STORED DATA section start

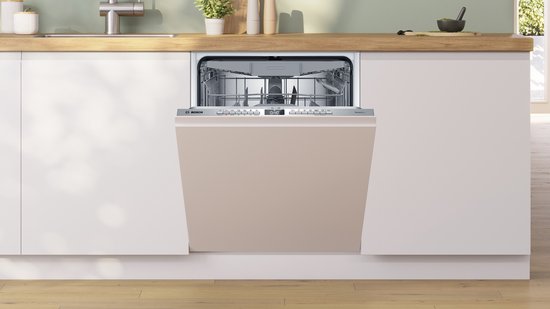 Bosch inbouw vaatwasser SMV6YCX07E - Serie 6 - 60 cm - Home Connect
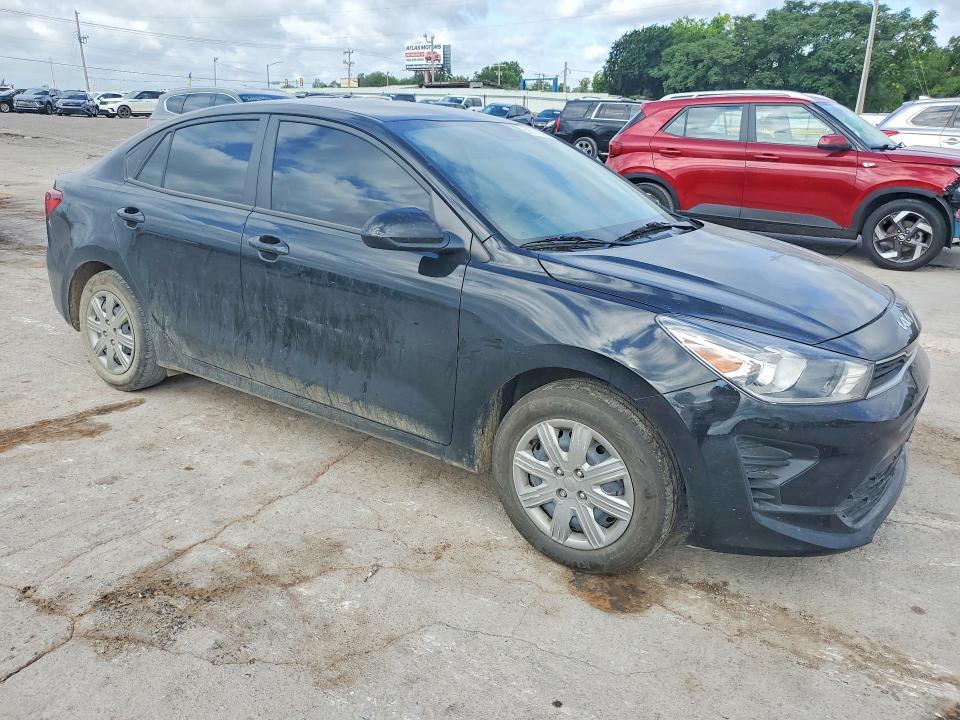 Продаж на аукціоні авто 2023 Kia Rio, vin: 3KPA24AD6PE585305, номер лоту: 56778506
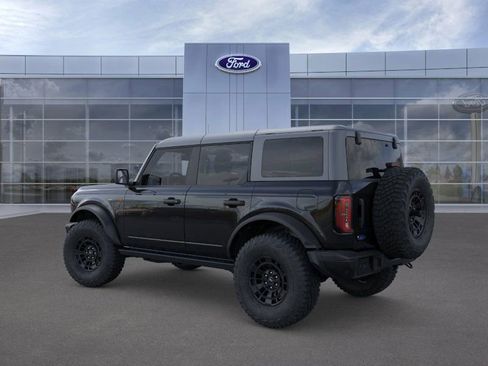 New 2026 Ford Bronco Badlands image 5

STORED DATA section end

## BRIEF
All of the listing above has to be reproduced exactly, though without its images.

## TASK OUTPUT
 Bosch inbouw vaatwasser SMV6YCX07E - Serie 6 - 60 cm - Home Connect
 Продаж на аукціоні авто 2023 Kia Rio, vin: 3KPA24AD6PE585305, номер лоту: 56778506
 New 2026 Ford Bronco Badlands image 5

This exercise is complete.